Even if they didn't listen the 250 demonstrators protesting outside made their chants and whistles heard! Considering the demonstration was taking place in the middle of the Easter holidays with many staff and students away from the campus such a turnout was good. It was boosted by contingents from the local labour movement and numbers of UCU activists from other HE institutions. There was an excellent atmosphere as the banners of Burslem CWU mingled with Telford Unison, Brighton UCU and West Midlands PCS. The march around campus was noisy and good natured and the left had a fairly good reception - Keele Socialist Party members and Socialist Students had no problem distributing literature and neither did the Socialist Worker sellers who parachuted in for the occasion.

The demo was followed by a packed meeting in the KUSU ball room. We heard a number of trade union speakers. Notable contributions came from UCU Scotland president, Alastair Hunter; Roger McKenzie of the Midlands TUC; KUSU's Mark Holland; and SEMS action committee member and famous ethnographer, Paul Willis.

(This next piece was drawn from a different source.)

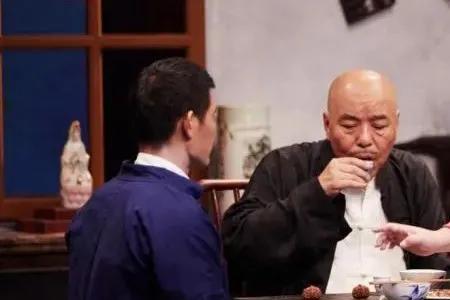 骆驼祥子中小福子有虎牙吗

Alastair Hunter said something is wrong when a known centre of excellence is under threat. Is it coincidence SEMS teaches Industrial Relations? Coincidence it receives trade union income and trains labour movement activists? Coincidence it is not "business facing"? This attack is nothing to do with cutting costs - it is about ideology.

Roger McKenzie echoed many of Alastair's comments. "If this was about quality HE we would be talking about more resources". He argued the VC's plans are wider than Keele. It is about the elite's vision of higher education. They want education to be a service industry for business. Courses teaching working class people about the nature of the workplace have no place here.

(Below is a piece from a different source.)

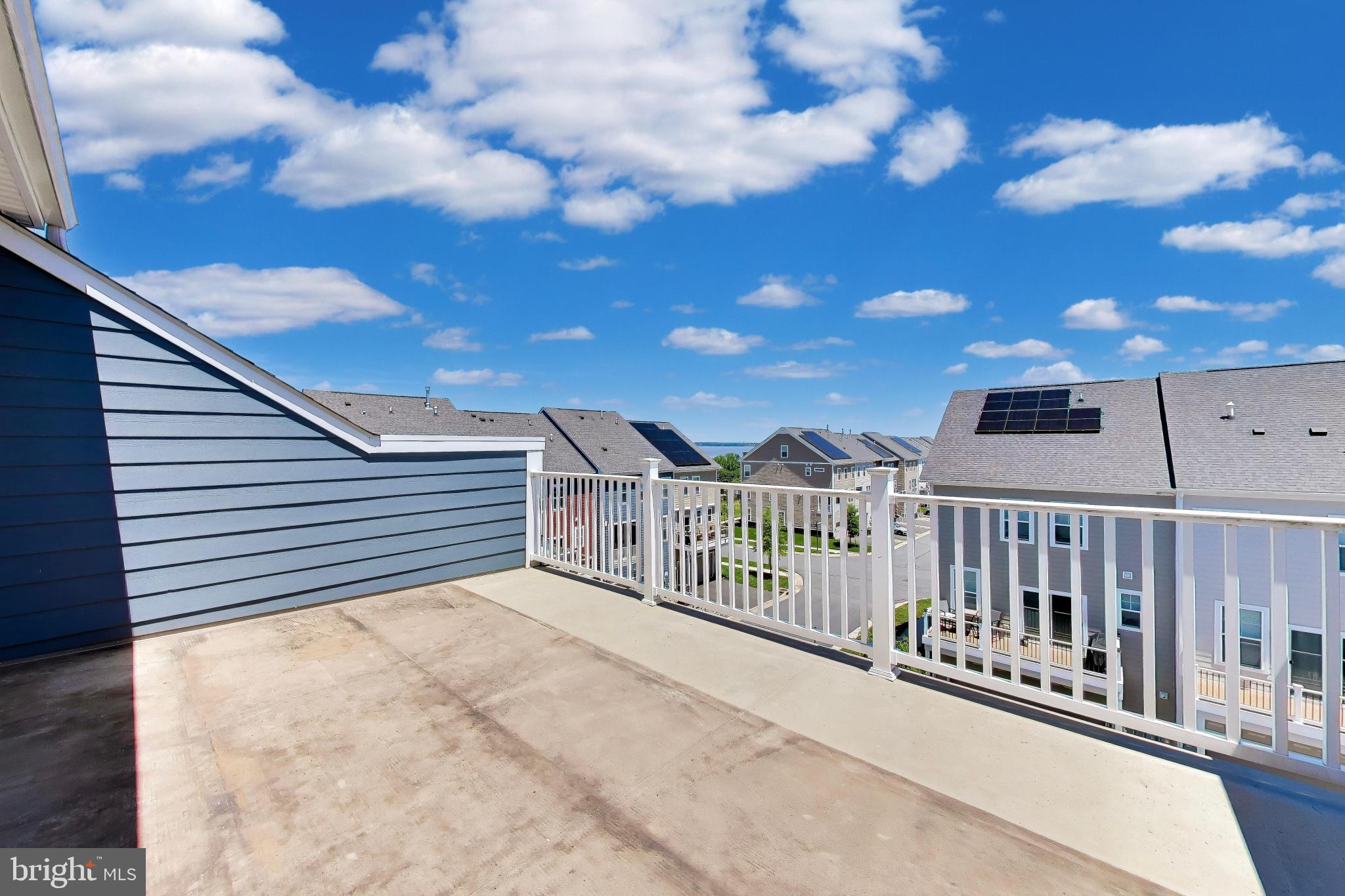 17751 Kingfisher Isle Road Dumfries, VA 22026 - Photo 25 of 38 Roof top deck off Loft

Mark Holland said the VC tried to drive a wedge between staff and students by pretending it was a local departmental difficulty, that staff did not have students' best interests at heart. Fortunately KUSU's decision to back the UCU's actions were overwhelmingly passed at its AGM earlier in the year. "It would be misguided of us to side with management" he concluded.

Paul Willis took apart management's empty market forces mantras. They evoke markets and skills in reified ways - if this was the bottom line, Keele's actual "market dominance" of Industrial Relations would rule out SEMS closure. But it isn't. They are code words for discipline, control and fear. He finished by saying the heirs of the university are not the outside consultants the VC employed to dismember SEMS, but we are - the staff and students who constitute the academic community.

Unfortunately slightly after three news came through that the VC's plans were passed by council. Though it was a body blow this outcome was not entirely surprising. A general members meeting has been scheduled for next Tuesday to decide what the next steps will be. It is very likely the UCU will vote to escalate the dispute.


Anonymous said...

"It is very likely the UCU will vote to escalate the dispute."

Or they could go off and find jobs where they do something of real value to others in return for money. Come on, there must be something you can do that would genuinely benefit others!

How many of the "working class" people who've been trained in an antagonistic world view have actually benefited from it? Apart from those who have gone on to become similar academics, or those who've put their new found antagonism to good use as high-ranking trade unionists.

Anonymous said...

The fact that you feel that high -ranking trade unionists 'put their new found antagonism to good use' tells me that the last comment is both subjective and misinformed. Low C for you! Not for your opinion but your inability to present a sound argument supported by evidence. I suspect that you need to advance your reading beyond the Daily Mail!